According to the charity which worked with 12,000 families and children last year, an estimated 90,000 children live in 'consistent poverty'.
The charity has warned that 'angry, passionate and determined action is needed to stop children continuing to live without'.
Chief executive Owen Keenan is confident a new awareness campaign will stimulate robust and informed debate on the number of children affected by poverty and the lack of economic policies to tackle the problem.
"We see what poverty looks like every day," he said, "we see which children are going to school hungry, we see which children are going to school without proper clothing."
Heavily-backed by sectors of the advertising industry, the charity has launched the final phase of its multi-media advertising campaign, Every Child Matters.
Under the theme Children Living Without, the extensive advertising campaign is also highlighted on the charity's website.
Barnardos, planning to maintain a sustained campaign until early 2004, is hoping the devastating impact of child poverty will spur the government and the public into action.
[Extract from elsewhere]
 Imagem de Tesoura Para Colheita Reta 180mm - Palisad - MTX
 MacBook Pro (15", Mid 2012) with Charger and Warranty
Mr Keenan said Ireland has to make choices. Having government strategies and national programmes for children was ineffective, he said, if the funding was not available and children's issues were put on the back burner.
Barnardos' programmes, he said, are currently assisting parents with large families, lone mothers, families with disabled children or inadequate incomes and others with difficulties.
"Poverty isn't the lack of a daily income, although that is critical and hurts on a daily basis," Mr Keenan said. "What hurts in the long term is the limits to children realising their full potential and that is what we want attention focused on."
Many parents caught in the poverty trap, he suggested, were performing heroically.
"It's too easy to put the responsibility on the individual child or family but as parents all of us experience stress and all of us could do with support in some stage of parenting."
He added: "We find parents go without to give the children the best they can give but too often, that's not enough."